Penetrar en la ciudadela de Carcasona es adentrarte en la Edad Media por un túnel del tiempo en forma de castillo. Nada en su interior (excepto los viajeros) nos recuerda que estamos en el siglo XXI. El encanto de un tiempo detenido ocupa hasta el último de sus rincones, ganándose a pulso el título de Patrimonio de la Humanidad.

Rodeada por una doble muralla de tres kilómetros de longitud, en su interior se entremezclan calles angostas y tortuosas, fachadas con entramados, barrios de gremios y artesanos, castillos y basílicas.
Situada en el sur de Francia, en plena Occitania, el lugar comenzó a ser importante a partir del momento en el que los romanos fortificaron la cima de la colina, alrededor del año 100 a.N.E., y la convirtieron en el centro administrativo de la colonia de Iulia Carcaso, de donde procede su nombre histórico.

Pero la leyenda, como siempre, tiene otra versión mucho más emocionante y que transcurre en el siglo VIII, cuando la ciudad fue ocupada por los árabes, tras el hundimiento del reino visigodo a raíz de la invasión de la península Ibérica.
Cuentan en la ciudad que mientras el emperador Carlomagno asediaba Carcasona murió su defensor, el rey moro Ballak. Es entonces cuando su esposa, la legendaria “Dama Carcas» decide ocupar su lugar en la defensa de la ciudad.

Tras cinco años de asedio, el hambre vence a los últimos defensores. Sola, protegida tan solo por la pétrea dureza de las murallas que la circundan, La Dama Carcas coloca muñecos de paja en las ventanas y las almenas, y lanza flechas de ballesta contra el ejército sitiador para hacerles creer que la guardia sigue siendo numerosa.

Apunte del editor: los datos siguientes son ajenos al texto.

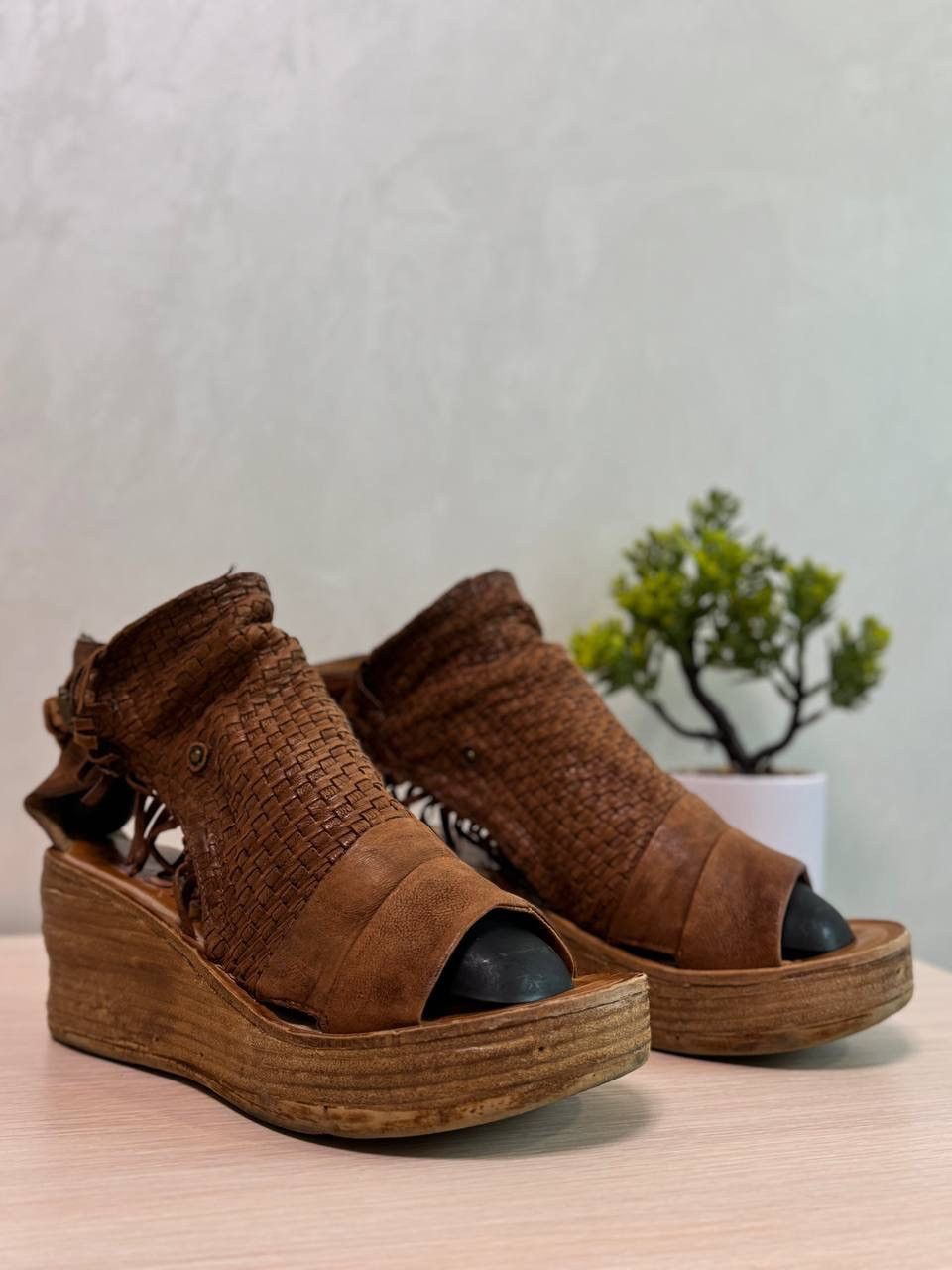 A.S.98 × Dirk Bikkembergs RARE AS 98 boots Vintage Ankle Boots Rick Owens Vibe Size US 10 / IT 40 - 1 Thumbnail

En la ciudad sólo queda un cochinillo y una ración de trigo para dar de comer a toda la población. Entonces, Carcas tiene una ingeniosa idea y decide lanzar un órdago al enemigo: ceba el cochinillo con el trigo y lo lanza desde lo alto de la muralla.

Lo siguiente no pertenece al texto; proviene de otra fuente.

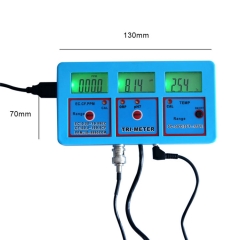 PH-118 Online 6 in 1 Water Quality Tester 3 LCD PH Meter EC CF TDS ORP Temp Digital PPM Meter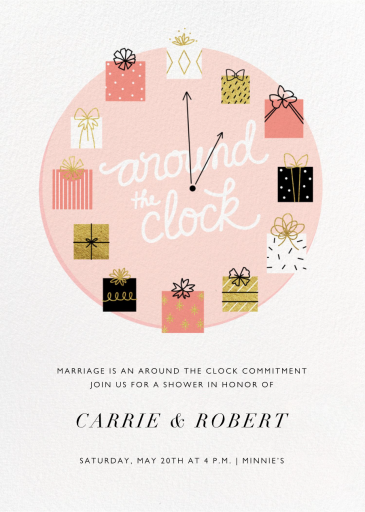 Gifting Hour - Bridal Shower Invitation by Paperless Post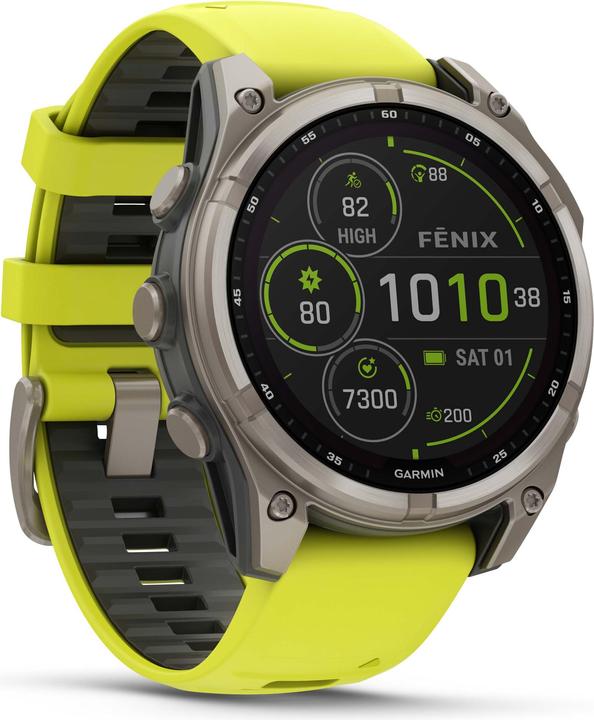 Produktbild Garmin Fenix 8 Solar Sapphire Titan (47 mm)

Con el impacto, el cochinillo revienta y de sus tripas salen gran cantidad de cereales. Cuando Carlomagno contempla como los sitiados desperdician de esa manera los alimentos. tiene claro que su asedio no surge efecto alguno en los habitantes de la ciudad, que poseen aún tanto trigo que hasta los puercos se lo comen, y tienen tantos cerdos que se pueden permitir el lujo de arrojarlos como proyectiles…

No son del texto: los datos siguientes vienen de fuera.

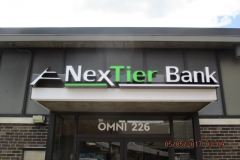 Nextier Bank Channel Letters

El emperador decidió entonces retirar el asedio y abandonar la ciudad, y cuentan que mientras su ejército desaparecía en lontananza, La Dama Carcas hizo replicar todas las campanas de la ciudadela para celebrar la victoria. Desde entonces » Carcas sonne» («Carcas suena «), se convirtió en el nombre de la bella ciudad que con tanto empeño y astucia defendió una gran mujer y una magnífica estratega.